—Samuel.

Asentí con la cabeza y nos quedamos callados. Él sacó su móvil. Yo le observó fijamente.

—Samuel. ¿Quiere contarme qué hace aquí?

Entonces él me miraba con expresión de desconfianza y me respondía que no, porque hoy en día la amabilidad nunca viene sola. Pero como veía que no me movía del sitio y no parecía tener otra cosa mejor que hacer, al final acababa contándomelo con cierto recelo. No porque mis habilidades sociales fueran la fruta más madura del árbol, sino porque todas las personas de este mundo tienen cosas que compartir cuando no las están compartiendo.

—Estoy esperando a ma. Viene desde Atenas en autobús y si no la llevo de la mano, se pierde por el camino.

Hablar de temas personales relaja a las personas. ¿Alzheimer? No, demencia senil. Ah. Entiendo. ¿Y dónde vive? ¿En Thalassinos? ¿Eso qué es, uno de esos barrios latinos donde los vecinos envenenan a tu perro si ladra mucho?

—Es usted un poco racista, ¿no?

—La gente dice que lo soy, pero es que me cuesta mucho elaborar opiniones por mí misma, así que prefiero basarme en estereotipos —confesé—. Pero no lo soy. Yo apoyo la igualdad de todas las razas del mundo. Aunque bueno. La verdad es que me da igual.

Él me explicó que no había comentario más racista que el que había hecho. Yo le expliqué que no. Que para ser racista se necesitaba una actitud dinámica para despreciar y clasificar, y que a mí realmente no me importaba cómo estuviera hecho el mundo. Que mi mente era como un software dormido que se reiniciaba cada vez que tenía que producir alguna palabra con mi boca, y que mis opiniones se volvían a crear cada vez que ocurría. Fuera de los estímulos ajenos, no pensaba nada. No había razas de humanos. Ni razas de perros. Ni había humanos o perros.

¿Y qué hay entonces en el mundo, churra? No te rías, Samuel. En el mundo solo hay arcilla moldeable. Tú y yo somos un pedazo minúsculo de arcilla, y yo me preocupo de quién me esté moldeando. Y de quién estará moldeando a mi moldeador. Y de quién estará moldeando al moldeador de mi moldeador. Y de si habrá alguien que deje de moldear en algún momento, y de cómo lo habrá hecho ese tipo.

Puede que ese tipo sea Dios. No, Samuel. Dios apareció después de nosotros, así que no es más que otro pedazo de arcilla que sabe moldear muy bien al resto, por eso algunos creen que es un artista implacable. Pero no. Porque él también es arcilla. Pero no sé por qué te estoy contando todo esto, si a mí me da igual.

Él parecía divertirse con mis palabras, como si hubiera encontrado al bicho más raro del planeta.
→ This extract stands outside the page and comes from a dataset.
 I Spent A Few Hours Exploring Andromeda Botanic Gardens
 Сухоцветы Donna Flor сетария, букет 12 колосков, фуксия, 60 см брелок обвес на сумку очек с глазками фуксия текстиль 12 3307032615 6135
—Ese es el bus de ma —dice señalando al enorme titán que se acerca con sus diez toneladas de metal, respira violentamente y se para.

El latino se limita a esperar a que bajen los pasajeros, que se cuelan y se descuelan sin pagar ni un céntimo en transporte público desde tiempos inmemoriales. Entonces detecta una figura agazapada y arrugada como un cacahuete al final de la cola. Tiene la piel castigada por los rayos de sol y los pelos de las verrugas se pierden entre los pliegues de su cara. Sus ojos reflejan serenidad.

—Hola, Samuel. —Se dieron dos besos—. Sujétame las bolsas, mijo. Tienes mucho que contarme ahora que tenemos un nuevo miembro en la familia —respondió la anciana, mirándome con cariño.

—Ella no es mi esposa, ma.

—Cállate y trátala bien.

Entonces, el moreno gigantesco me dedicó una sonrisa de disculpa y condujo al pequeño primate arrugado hacia el paso de cebra. Yo me di la vuelta y no volví a verles jamás.